:: Exercise prompt ::
Please repeat the entries below exactly as written, leaving out any images.

****************

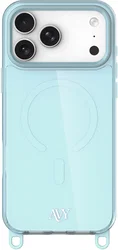 AVY Apple iPhone 17 Pro Max Hoesje MagSafe met Koord Haakjes Blauw afbeelding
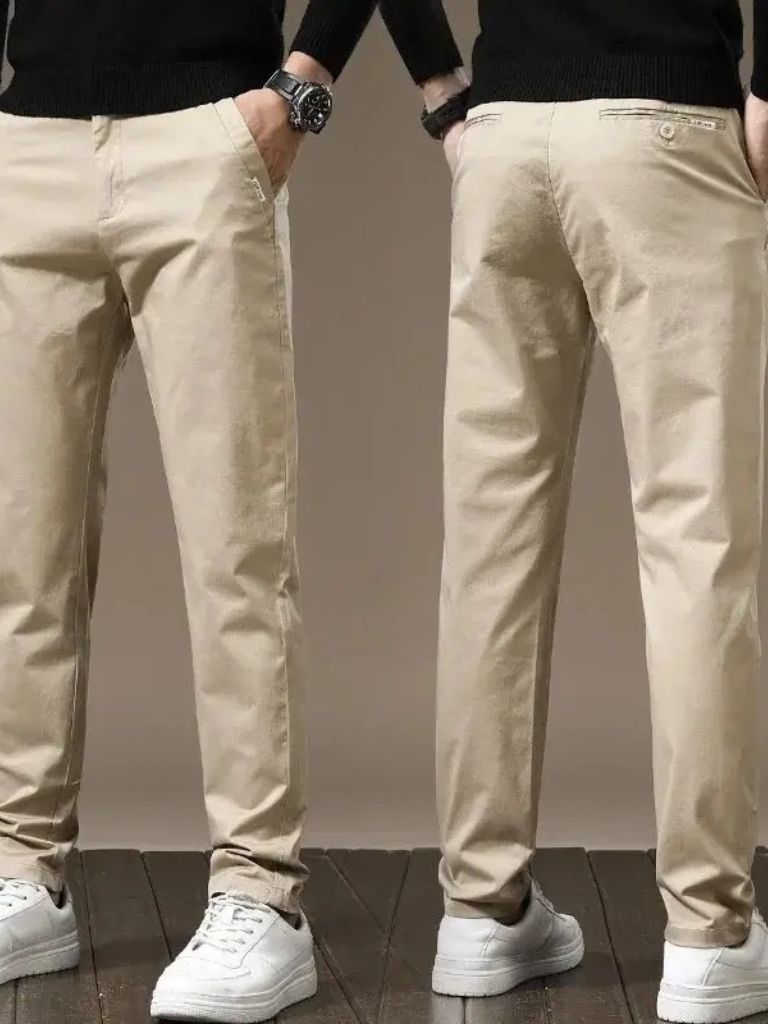 Essential Straight Trousers - Cross & Crown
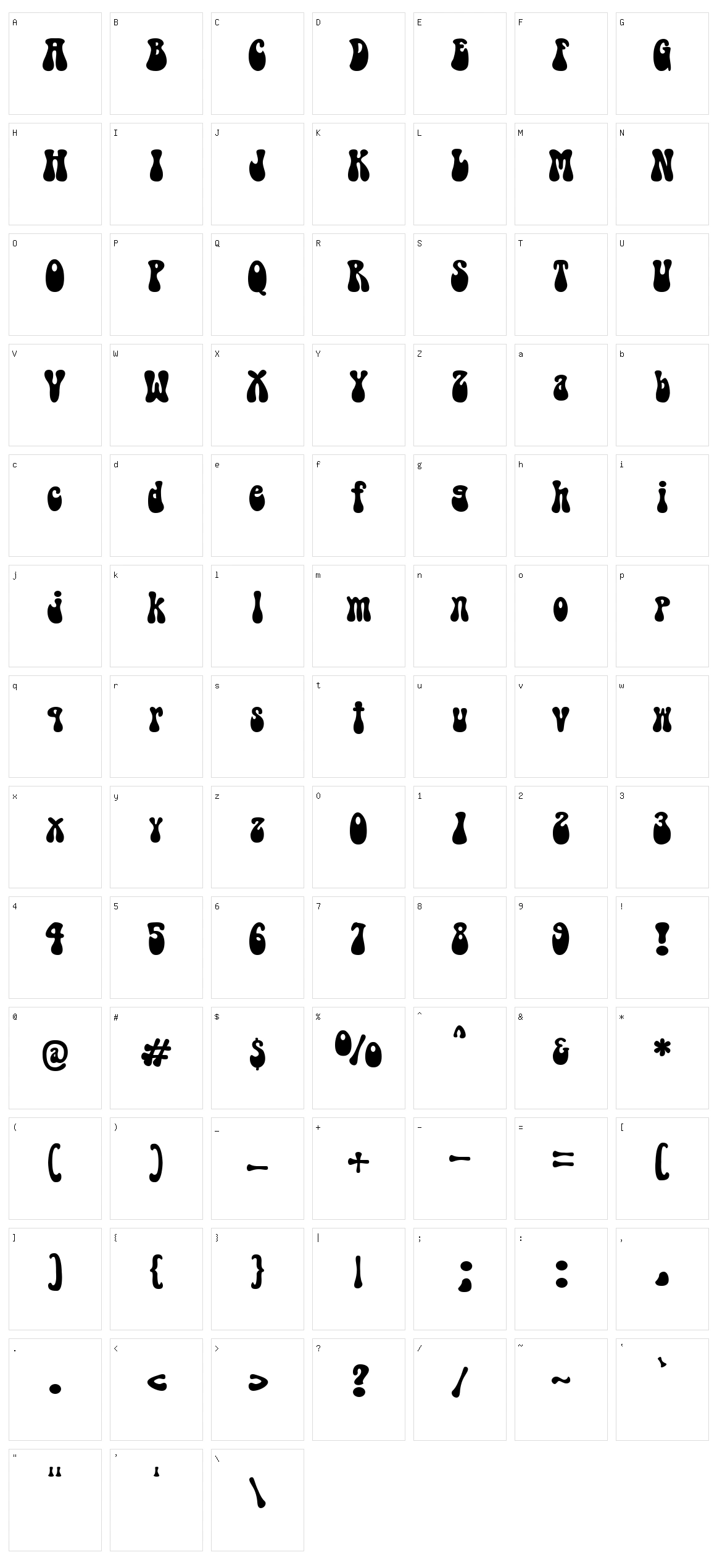Black Sugar Character Set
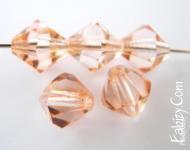 90грн(36шт) біконуси кришталеві Preciosa 10мм Crystal TANGERIN. ОПТ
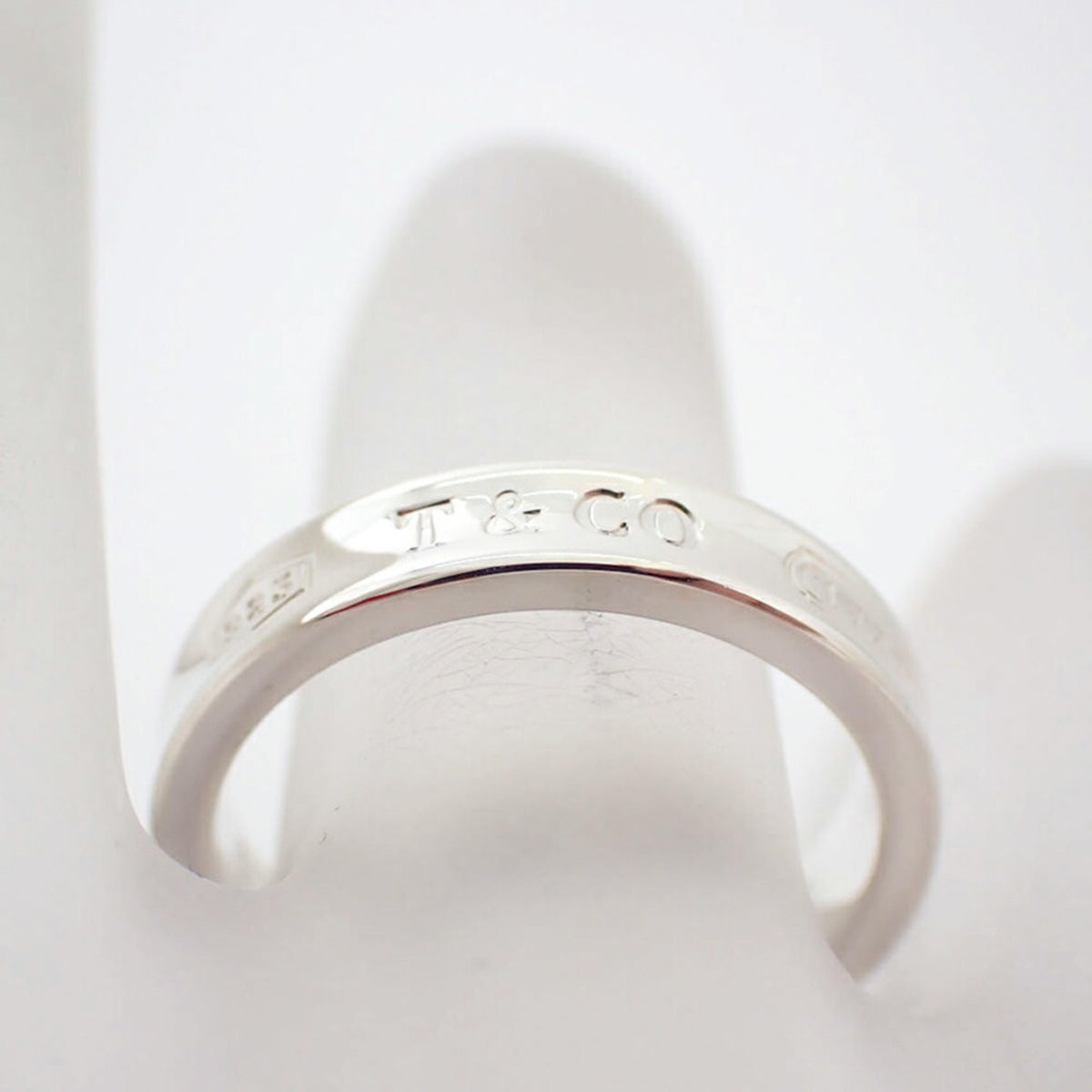 Tiffany Sterling Silver 925 Band Ring (Pre-Owned)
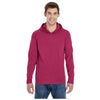Comfort Colors Men's Crimson 6.1 oz. Long-Sleeve Hooded T-Shirt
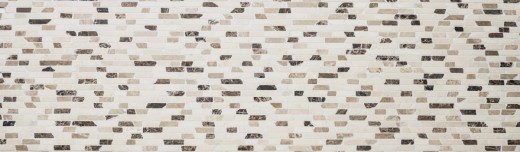Mosaïque marbre pierre naturelle beige marron crème Brick Castanao composé de bâtonnets carrelage mur cuisine - MOS40-0195
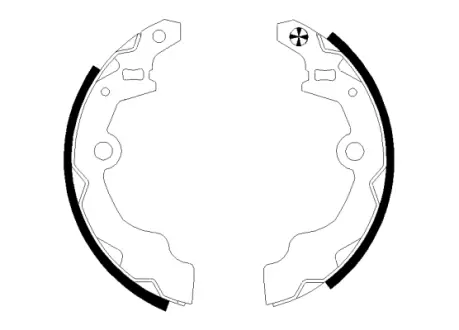 Комплект тормозных колодок HELLA PAGID H9975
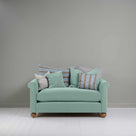  Dolittle 2 Seater Sofa in Intelligent Velvet Sea Mist With Cushions - Nicola Harding 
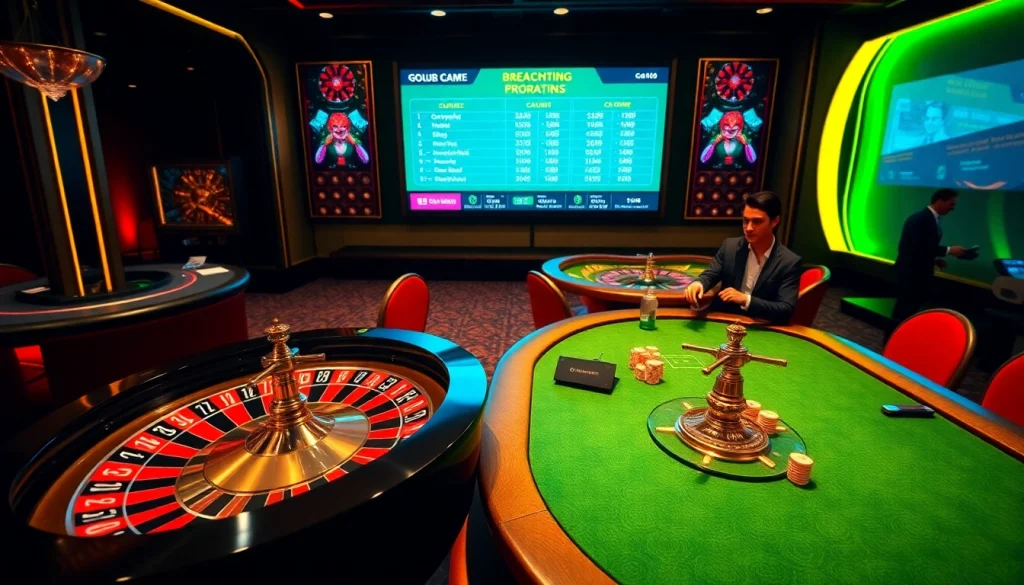 Players enjoy an exciting casino experience at https://go88.talk/ with roulette and card games.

****************

:: Exercise output ::
 AVY Apple iPhone 17 Pro Max Hoesje MagSafe met Koord Haakjes Blauw afbeelding
 Essential Straight Trousers - Cross & Crown
Black Sugar Character Set
 90грн(36шт) біконуси кришталеві Preciosa 10мм Crystal TANGERIN. ОПТ
 Tiffany Sterling Silver 925 Band Ring (Pre-Owned)
Comfort Colors Men's Crimson 6.1 oz. Long-Sleeve Hooded T-Shirt
Mosaïque marbre pierre naturelle beige marron crème Brick Castanao composé de bâtonnets carrelage mur cuisine - MOS40-0195
 Комплект тормозных колодок HELLA PAGID H9975
  Dolittle 2 Seater Sofa in Intelligent Velvet Sea Mist With Cushions - Nicola Harding 
 Players enjoy an exciting casino experience at https://go88.talk/ with roulette and card games.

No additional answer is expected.